Scaleflux adds hardware compression to computational storage

ScaleFlux has added hardware compression to its computational flash storage drive, effectively doubling capacity and increasing performance by 50 per cent.

JB Baker, senior director of product management for ScaleFlux, supplied a quote: “Experience gained from the global deployment of our previous drives have led us to significant enhancements in the CSD 2000. Customer feedback is showing that the simultaneous reduction in storage costs and improvements in application latency and performance … is a compelling value proposition.” 

Computational storage systems process data in the storage drive, thereby offloading the host server CPUs and improving overall performance.

The CSD 2000’s hardware engine has been updated with GZIP compression/decompression – which means no added latency.
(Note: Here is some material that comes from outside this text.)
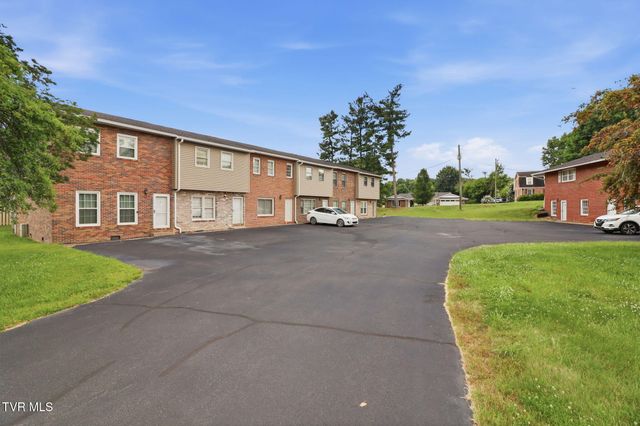 3539 Netherland Inn Road 9, Kingsport, TN 37660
This doubles effective capacity – 4TB and 8TB raw capacity options increase to 8TB and 16TB. Application performance also improves.

  • Aerospike ACT 3.2 transactions per second (tps) increase 1.5x,
  • MySQL SysBench tps 1.5x,
  • PostgreSQL SysBench update_non_index 2.8x.

According to ScaleFlux, the CSD 2000 delivers 40 to 70 per cent more IOPS than NVMe SSDs on mixed read and write OLTP workloads. NVMe SSD performance typically drops off as the write proportion of any workload increases according to ScaleFlux, which claims the CSD 2000 maintains performance within a narrow band, regardless of the read and write mix.

Alibaba has qualified Scaleflux’s computational storage for use with the Chinese hyperscaler’s data centre infrastructure stack, specifically the POLARDB relational database. 

ScaleFlux’s original CSS 1000 drive incorporates a Xilinx FPGA paired with 2TB to 8TB of 3D NAND flash. It uses off-the-shelf code packages to accelerate Aerospike, Apache HBase, Hadoop and MySQL, OpenZFS and Ceph.

The CSD 2000 comes in the 2.5-inch (U.2) form factor. A PCIe add-in card will be available in a few weeks.